Here are 10 reasons why it is so important:

  1. Play lays the foundation for literacy. Through play children learn to make and practise new sounds. They try out new vocabulary, on their own or with friends, and exercise their imagination through storytelling.
  2. Play is learning. Play nurtures development and fulfils a baby’s inborn need to learn. Play takes many forms, from shaking a rattle to peek-a-boo to hide-and-seek. Play can be done by a child alone, with another child, in a group or with an adult.
  3. Play encourages adults to communicate with the children in their lives. Adults support play by giving children opportunities to play, and by knowing when to intervene, and when not to intervene.
  4. Play gives children the chance to be spontaneous. You may think your child should be rolling the truck on the ground but that doesn’t mean that truck is not equally useful as a stacking toy.
  5. Play gives children choice. Having enough toys or activities to choose from will allow children to express themselves.
  6. Play gives children space. To practise physical movement, balance and to test their own limits.
  7. Play gives adults the chance to learn how to play again.
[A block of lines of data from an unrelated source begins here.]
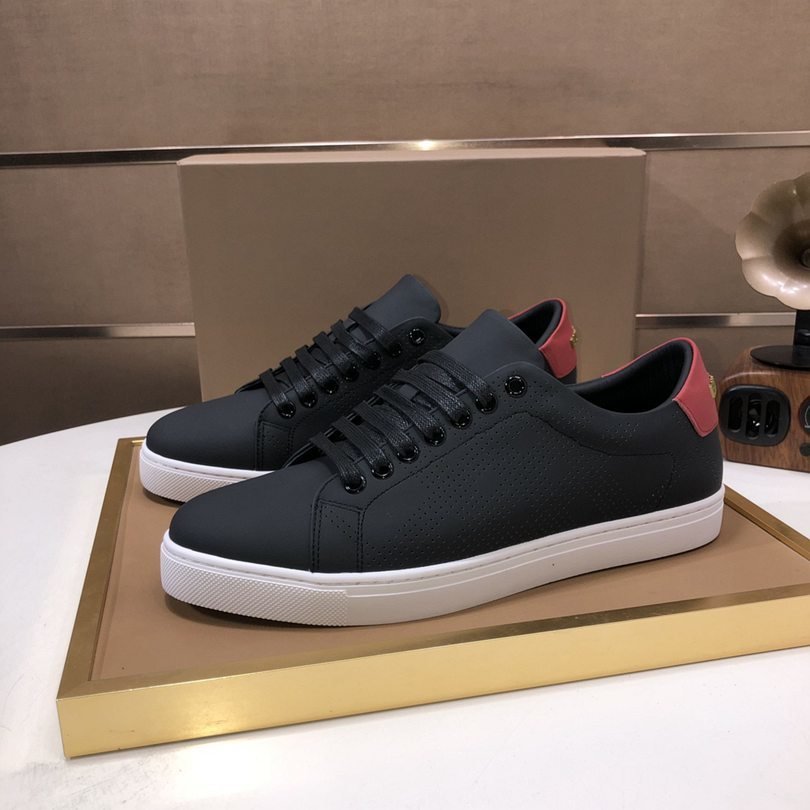 Burberry Leather Low-Top Sneakers Colorway 2 1725260-2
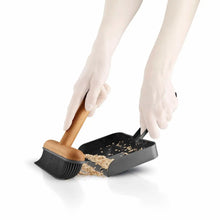 Carregar imagem no visualizador da galeria, Dustpan and Brush Set
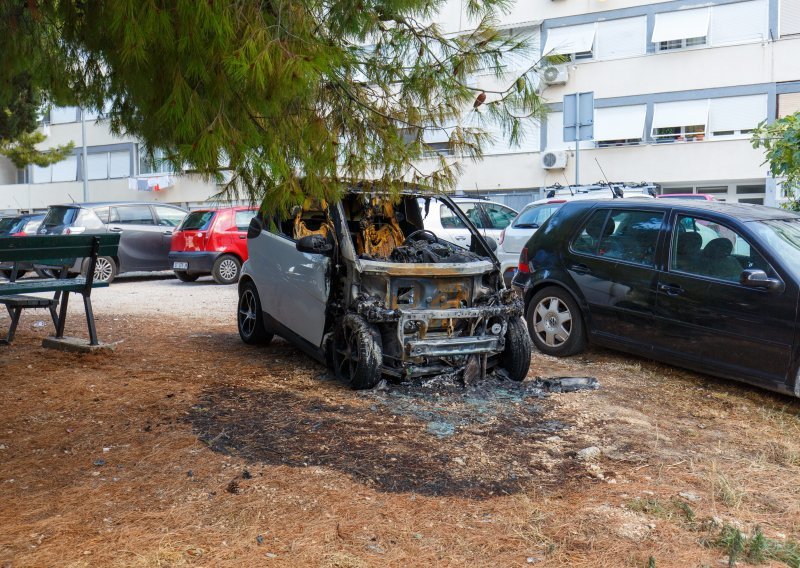 [FOTO] U Splitu izgorio Smart, vatra zahvatila i oštetila još jedno vozilo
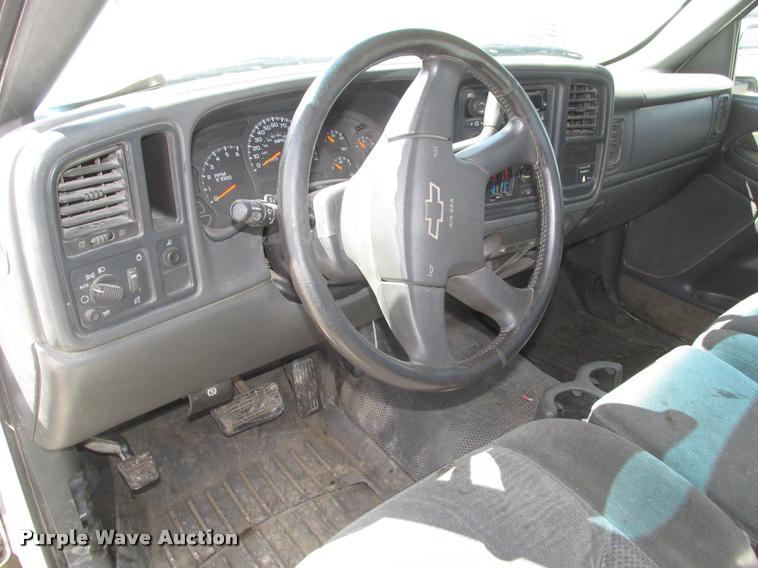image for item DA0682 2003 Chevrolet Silverado 1500 pickup truck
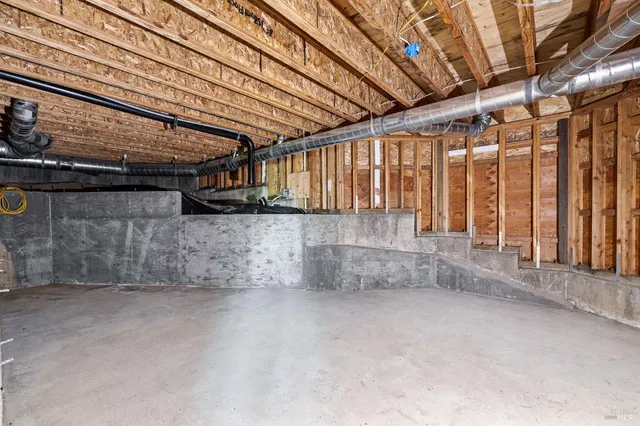 $1,200,000 | 10800 Falstaff Road, Sebastopol, CA 95472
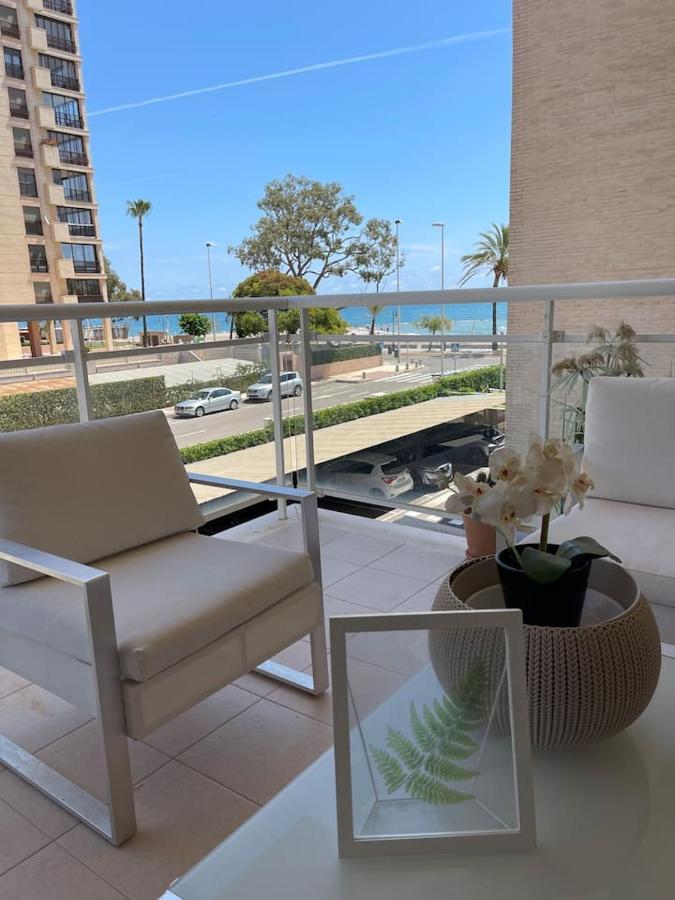 Apartment Seaside Retreat *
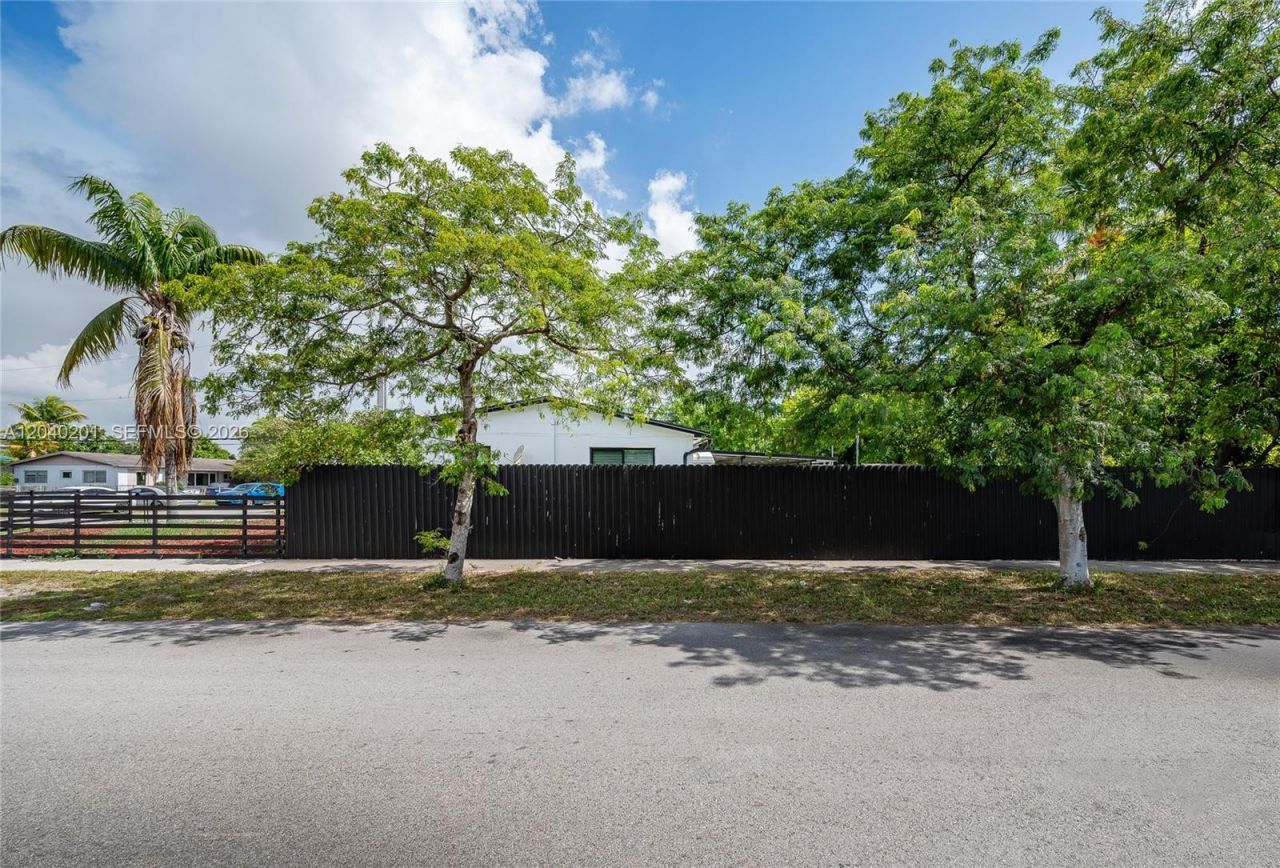 20001 NW 14th Ave, Miami Gardens, FL 33169 Photo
One of the most challenging parts of play is incorporating yourself in it.
  8. Play allows adults to learn their child’s body language. Knowing when you should incorporate yourself in your child’s play is key.
  9. Play teaches adults patience and understanding.  If you do choose to join in your child’s play make sure that you do not try to take it over and force incorporation of your ultimate learning objectives into their play. Structured adult-led activities have their time and place but remember to allow for time for children to control and decide their own play.
  10. Play is fun. Learning to play well, both by themselves and with others, sets children up to be contented and sociable.

Foundation Stage – Culture and Ethos

Our Top Ten

  • We offer a safe and stimulating environment where children flourish.
  • We pride ourselves on listening to children and those who care for them and using this information to personalise each child’s learning.
  • We offer a quality play based curriculum with quality adult-child interactions as well as child initiated play.
  • Adults respond to children’s interests and skilled practitioners model language, show, explain, demonstrate, encourage, question and recall through narrative.
  • Every opportunity for learning is taken and we ensure we offer enabling environments to allow children to make sense of the world.
  • Challenge is part of our day for all children in order to extend their learning.
  • Learning should be fun and we strongly believe in first hand learning, valuing the importance of the outdoor environment to develop children’s thinking and problem solving skills.
  • We believe that every child is unique and should be treated so allowing them the opportunity to develop and learn in a safe and nurturing environment where play and learning is combined.
  • We understand the importance of practical learning experiences and strive to equip children with a love of learning and a natural curiosity.
  • We are committed to giving our children the best possible start to their school life, teaching children skills which ensure their well-being now and success in the future.

What we do well

  • Pastoral care – getting to know children and their families and their circumstances and supporting them in any way we can, identifying needs.
  • Home visits to build up good relationships with families.
  • Relationships with children – establishing routines.
  • Behaviour – respecting each other and their differences – Everyone different everyone loved school motto.
  • Highlighting disadvantage and breaking down barriers.
  • Focusing on Prime Areas in order that children can access the rest of the curriculum and make good progress – PSED and CAL addressed by excellent modelling by all staff.
  • Active and healthy lifestyle is encouraged – mile a day, oral hygiene, healthy breakfast, daily activity.
  • Speaking and listening is a priority on arrival in school – BLAST, Early Language Development Programme, SALT, Talk in the Early Years.
  • Quality of teaching and adult interaction is key.
  • Accurate assessment and moderation to feed into planning and the environment.